Evlatlıktan Red Davası

Diğer

Türk hukuk sisteminde sıkça karıştırılan bir kavram olan “evlatlıktan red” aslında hukukumuzda doğrudan var olan bir işlem değildir. Bu terim halk arasında yaygın kullanılmasına rağmen hukuki karşılığı “mirasçılıktan çıkarma (ıskat)” işlemidir. 

Türk Medeni Kanunu madde 510-513 arasında düzenlenen bu kurum, belirli şartlar altında mirasbırakanın saklı pay sahibi mirasçılarını mirasçılık haklarından mahrum bırakmasına olanak tanımaktadır. 

Bu yazıda yaygın olarak evlatlıktan red davası olarak bilinen ama hukuki terminolojide mirasçılıktan çıkarma işleminin detaylarını inceledik. Evlatlıktan red davası nasıl açılır, hangi mahkemeye açılır, evlatlıktan reddetme şartları nelerdir, mirasçılıktan çıkarma (evladı mirastan reddetmek) nasıl yapılır gibi sorular başta olmak üzere süreci kapsamlı şekilde ele aldık.

Kimler Evlatlıktan Red Davası Açabilir?

Evlatlıktan reddetme olarak bilinen mirasçılıktan çıkarma, bir dava yoluyla değil, mirasbırakanın ölüme bağlı tasarrufu ile (vasiyetname veya miras sözleşmesi) gerçekleştirilir. 

Dolayısıyla evlatlıktan red davası açmak teknik olarak mümkün değildir. Burada mirasçılıktan çıkarmayı yapan kişi mirasbırakandır. Ancak mirasçılıktan çıkarılan mirasçı, bu işleme itiraz ederek bir iptal davası açabilir. 

Evlatlıktan Red Davası Geçerlilik Şartları Nelerdir?

Mirasçılıktan çıkarma işleminin geçerli olabilmesi için belirli şartların sağlanması gerekmektedir:

  1. Mirasçılıktan çıkarma ancak ölüme bağlı tasarruf ile yapılabilir (vasiyetname veya miras sözleşmesi).
  2. TMK m. 521’e göre çıkarma sebebi tasarrufta açıkça belirtilmelidir.
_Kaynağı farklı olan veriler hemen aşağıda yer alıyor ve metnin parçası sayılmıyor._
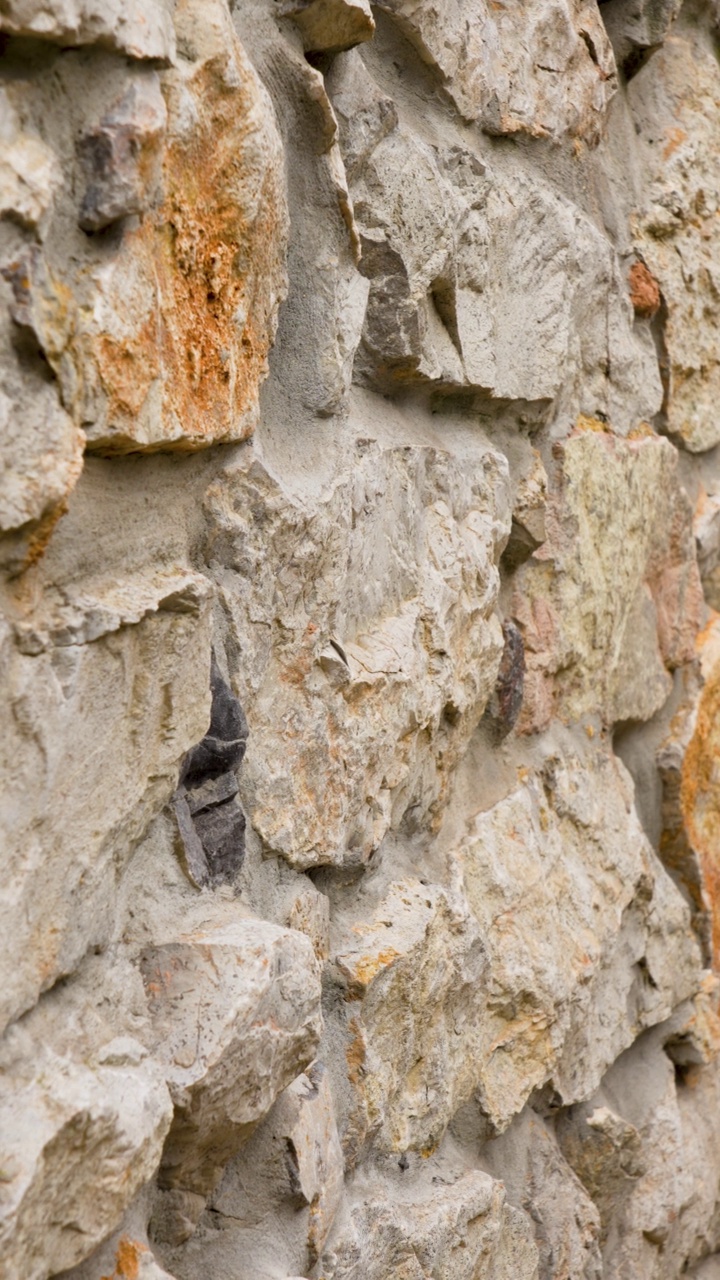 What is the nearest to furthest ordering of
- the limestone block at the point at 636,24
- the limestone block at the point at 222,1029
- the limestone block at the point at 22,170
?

Sebep belirtilmezse tasarruf yalnızca mirasçının saklı payı dışında geçerli olur.
  3. Çıkarma sebebi kanunda belirtilen sebeplerden biri olmalıdır:
    1. Mirasçının mirasbırakana veya yakınlarına karşı ağır bir suç işlemesi
    2. Mirasçının aile hukukundan doğan yükümlülüklerini önemli ölçüde ihlal etmesi
    3. Mirasbırakanın altsoyu hakkında borç ödemeden aciz belgesi bulunması

Mirasbırakan, kanunda belirtilen evlatlıktan red sebeplerine dayanarak saklı pay sahibi mirasçılarını mirasçılıktan çıkarabilir. 

Hangi Mahkemeye Evlatlıktan Red Davası Açılır?

Evlatlıktan red (mirasçılıktan çıkarma) dava yoluyla yapılmadığından bu işlem için mahkemeye başvurulmaz. 

Ancak, mirasçılıktan çıkarma işleminin iptali için dava açılması gerektiğinde görevli mahkeme asliye hukuk mahkemesidir. Yetkili mahkeme ise mirasbırakanın veya davacı olan mirasçının yerleşim yeri mahkemesidir.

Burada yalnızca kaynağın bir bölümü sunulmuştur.